Crowns Revision Part 3 – Imps, Temps and Cementation


Chirag Patel is a Final Year student at Liverpool School of Dentistry

This article, as part of a 3-part series, is designed to give dental students an overview into the World of Crowns.  Useful as a revision and reference tool, this article is intended to be easy to read for anyone unfamiliar with Crown provision, with tips and guidance from an existing dental student.

A PDF download version is available of the entire series of Crowns Revision Articles.

Check out Part 1 or Part 2 the Crowns Revision series if you have not already.

With Special thanks to:

Professor Callum Youngson (Head of Liverpool University Dental School)

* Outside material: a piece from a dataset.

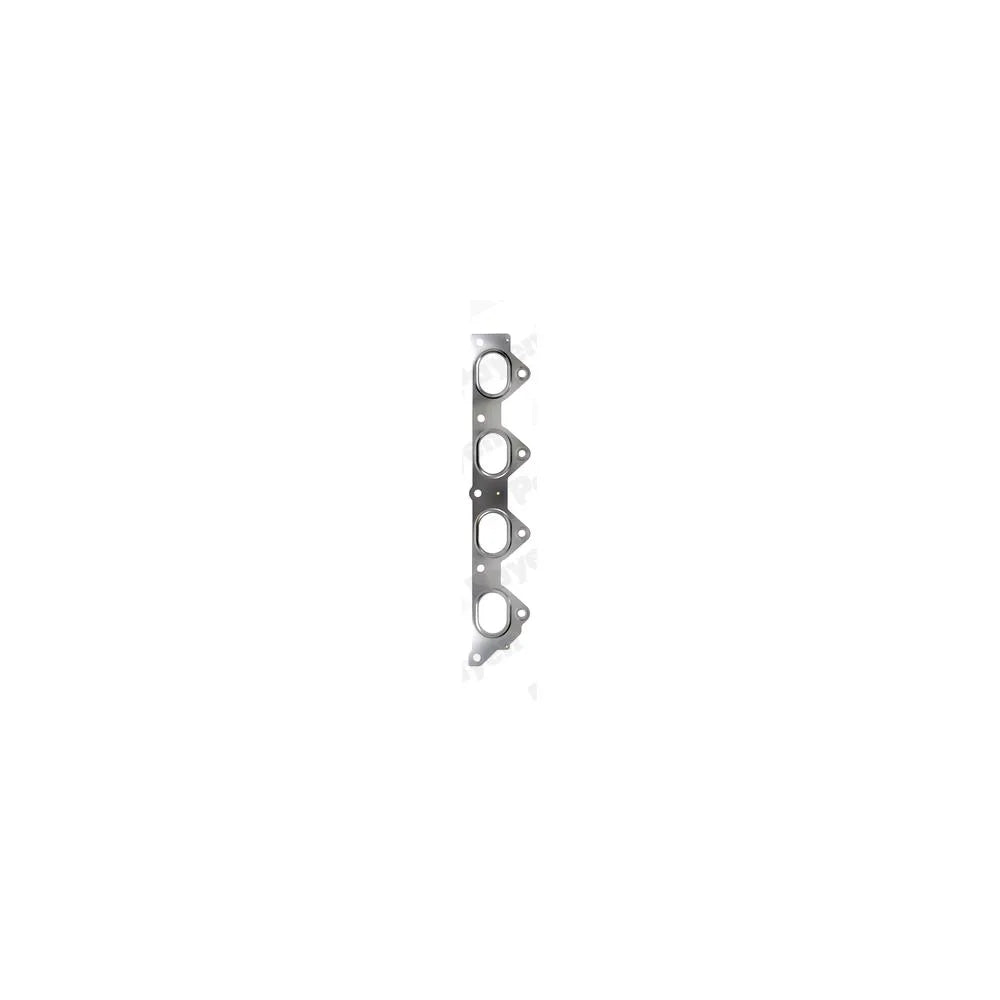 Garnitura Evacuare Payen - JC884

Dr Sophie Desmons (Clinical tutor at Liverpool University Dental School)

Leona Yip (Editor)


- The impression stage of the appointment is just as crucial as the tooth preparation stage, and any flaws in the impression sent to the lab, has a potential to produce an ill-fitting Crown.  Therefore it is important to be able to produce well defined impressions, and identify where impressions need to be retaken.  Retaking impressions, is both time consuming, costly, and can be unpleasant for the patient, and therefore the ability to consistently produce good impressions is important.

-At Liverpool University Dental Hospital, the One Stage Heavy and light impression technique is utilized, using addition silicones.  These silicones have excellent dimensional stability and are thought to have relatively good handling characteristics.

Technique guidelines:

1)      Choose an appropriately sized stock tray by trying in the patient’s mouth

-If the tray is under-extended, it can be adapted by the addition of a stiff material (i.e impression compound)

-If the stock tray cannot be adapted, a special tray would be indicated

-Metal trays are preferable, because they are rigid and reduce the risk of distortions.  Recoil is a problem that occurs more commonly in plastic stock trays, whereby the walls of the tray flex outward during occlusal pressure, followed by an inward flexion, producing impressions that are undersized bucco-lingually

2)      Retract the gingivae around the Crown preparation, so that the finish line can be recorded accurately. The most common method is the “two cord technique”, where a thin cord is wrapped around the tooth and placed into the sulcus followed by a thick cord, which is removed just before the impression is taken.  Sometimes, the cords are impregnated with solutions to prevent haemorrhage i.e. adrenaline and ferric sulphate.

Other methods include:

-Electrosurgery- controlled tissue removal using an electric current through a tip

-Rotary curettage- involves removal of epithelial tissue within the sulcus using a diamond chamfer bur

3)      Block out large embrasures using ribbon wax, to prevent the impression locking into the patients mouth

4)      Dry the tray and apply adhesive evenly.  Blow dry the adhesive lightly to encourage evaporation of the adhesive’s solvent.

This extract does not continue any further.